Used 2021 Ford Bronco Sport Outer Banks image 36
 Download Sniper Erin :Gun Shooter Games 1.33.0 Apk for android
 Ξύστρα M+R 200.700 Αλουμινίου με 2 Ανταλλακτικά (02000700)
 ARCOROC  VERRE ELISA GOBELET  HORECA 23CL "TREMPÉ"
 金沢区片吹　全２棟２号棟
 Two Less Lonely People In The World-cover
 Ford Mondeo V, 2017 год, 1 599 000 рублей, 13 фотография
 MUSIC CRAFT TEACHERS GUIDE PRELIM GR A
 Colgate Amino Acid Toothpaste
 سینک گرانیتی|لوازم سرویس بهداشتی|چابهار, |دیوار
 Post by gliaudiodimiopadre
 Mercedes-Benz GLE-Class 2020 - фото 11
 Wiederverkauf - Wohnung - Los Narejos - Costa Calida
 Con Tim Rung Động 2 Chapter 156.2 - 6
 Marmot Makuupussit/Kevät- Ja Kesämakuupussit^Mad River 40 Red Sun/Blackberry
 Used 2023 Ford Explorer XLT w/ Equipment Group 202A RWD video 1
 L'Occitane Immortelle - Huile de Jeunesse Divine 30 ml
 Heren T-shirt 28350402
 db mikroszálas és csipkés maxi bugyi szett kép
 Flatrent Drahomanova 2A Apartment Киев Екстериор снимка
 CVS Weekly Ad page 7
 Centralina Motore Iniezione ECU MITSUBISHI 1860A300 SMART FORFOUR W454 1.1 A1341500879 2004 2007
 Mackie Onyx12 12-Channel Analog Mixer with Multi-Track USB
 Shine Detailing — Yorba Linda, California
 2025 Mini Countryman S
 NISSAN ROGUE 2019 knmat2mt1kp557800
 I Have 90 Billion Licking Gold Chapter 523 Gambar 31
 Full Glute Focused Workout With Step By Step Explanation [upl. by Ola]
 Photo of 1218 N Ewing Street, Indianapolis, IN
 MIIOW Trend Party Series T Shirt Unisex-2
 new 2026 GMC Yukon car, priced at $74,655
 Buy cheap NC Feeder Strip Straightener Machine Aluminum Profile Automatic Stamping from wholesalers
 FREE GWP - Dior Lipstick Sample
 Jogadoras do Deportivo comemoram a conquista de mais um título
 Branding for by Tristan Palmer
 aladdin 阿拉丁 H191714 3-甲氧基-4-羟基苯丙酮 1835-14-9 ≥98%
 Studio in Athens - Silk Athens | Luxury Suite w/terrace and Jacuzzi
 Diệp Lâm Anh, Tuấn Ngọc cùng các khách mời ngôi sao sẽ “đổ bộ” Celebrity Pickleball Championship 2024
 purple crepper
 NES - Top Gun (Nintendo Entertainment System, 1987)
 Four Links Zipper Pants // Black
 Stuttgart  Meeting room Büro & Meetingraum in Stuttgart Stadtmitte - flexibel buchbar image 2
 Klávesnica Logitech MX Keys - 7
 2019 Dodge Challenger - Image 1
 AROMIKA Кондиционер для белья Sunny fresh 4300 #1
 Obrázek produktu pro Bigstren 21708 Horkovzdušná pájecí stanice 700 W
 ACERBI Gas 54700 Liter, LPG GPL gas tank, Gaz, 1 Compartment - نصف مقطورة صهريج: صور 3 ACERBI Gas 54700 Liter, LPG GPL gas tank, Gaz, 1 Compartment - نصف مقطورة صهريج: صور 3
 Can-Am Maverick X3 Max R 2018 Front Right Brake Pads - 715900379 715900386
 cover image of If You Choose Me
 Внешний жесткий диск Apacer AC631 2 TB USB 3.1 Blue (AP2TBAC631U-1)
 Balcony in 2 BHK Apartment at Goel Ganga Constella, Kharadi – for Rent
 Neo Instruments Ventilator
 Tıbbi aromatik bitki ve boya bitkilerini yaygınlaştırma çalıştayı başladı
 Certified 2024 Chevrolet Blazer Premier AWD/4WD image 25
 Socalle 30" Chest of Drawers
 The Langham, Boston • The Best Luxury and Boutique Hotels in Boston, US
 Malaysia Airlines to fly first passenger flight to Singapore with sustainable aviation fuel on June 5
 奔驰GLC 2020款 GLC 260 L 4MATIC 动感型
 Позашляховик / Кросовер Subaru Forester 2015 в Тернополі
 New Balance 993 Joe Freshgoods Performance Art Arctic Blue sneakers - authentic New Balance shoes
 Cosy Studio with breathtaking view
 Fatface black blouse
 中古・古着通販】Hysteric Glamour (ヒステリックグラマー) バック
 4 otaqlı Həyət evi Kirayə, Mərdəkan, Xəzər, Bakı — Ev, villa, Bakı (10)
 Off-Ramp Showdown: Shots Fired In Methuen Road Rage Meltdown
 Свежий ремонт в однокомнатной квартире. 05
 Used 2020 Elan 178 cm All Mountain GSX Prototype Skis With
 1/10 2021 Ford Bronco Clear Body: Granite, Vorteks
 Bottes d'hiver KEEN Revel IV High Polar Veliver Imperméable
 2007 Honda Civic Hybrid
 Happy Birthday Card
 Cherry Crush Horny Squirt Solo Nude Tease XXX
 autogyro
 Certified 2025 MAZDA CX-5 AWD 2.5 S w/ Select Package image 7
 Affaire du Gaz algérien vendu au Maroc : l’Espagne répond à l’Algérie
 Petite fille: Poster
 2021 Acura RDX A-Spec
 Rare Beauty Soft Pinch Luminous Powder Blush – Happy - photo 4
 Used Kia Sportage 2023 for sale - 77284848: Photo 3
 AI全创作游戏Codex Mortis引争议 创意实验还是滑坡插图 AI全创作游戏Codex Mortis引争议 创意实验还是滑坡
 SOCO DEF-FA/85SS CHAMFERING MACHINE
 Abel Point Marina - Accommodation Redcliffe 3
* * * *
_BRIEF_
Will you return exactly the lines above from the one with "L'Occitane Immortelle - Huile" down to the one with "CVS Weekly Ad page 7", counting both as part of the range?

_THE COMPLETED TASK_
 L'Occitane Immortelle - Huile de Jeunesse Divine 30 ml
 Heren T-shirt 28350402
 db mikroszálas és csipkés maxi bugyi szett kép
 Flatrent Drahomanova 2A Apartment Киев Екстериор снимка
 CVS Weekly Ad page 7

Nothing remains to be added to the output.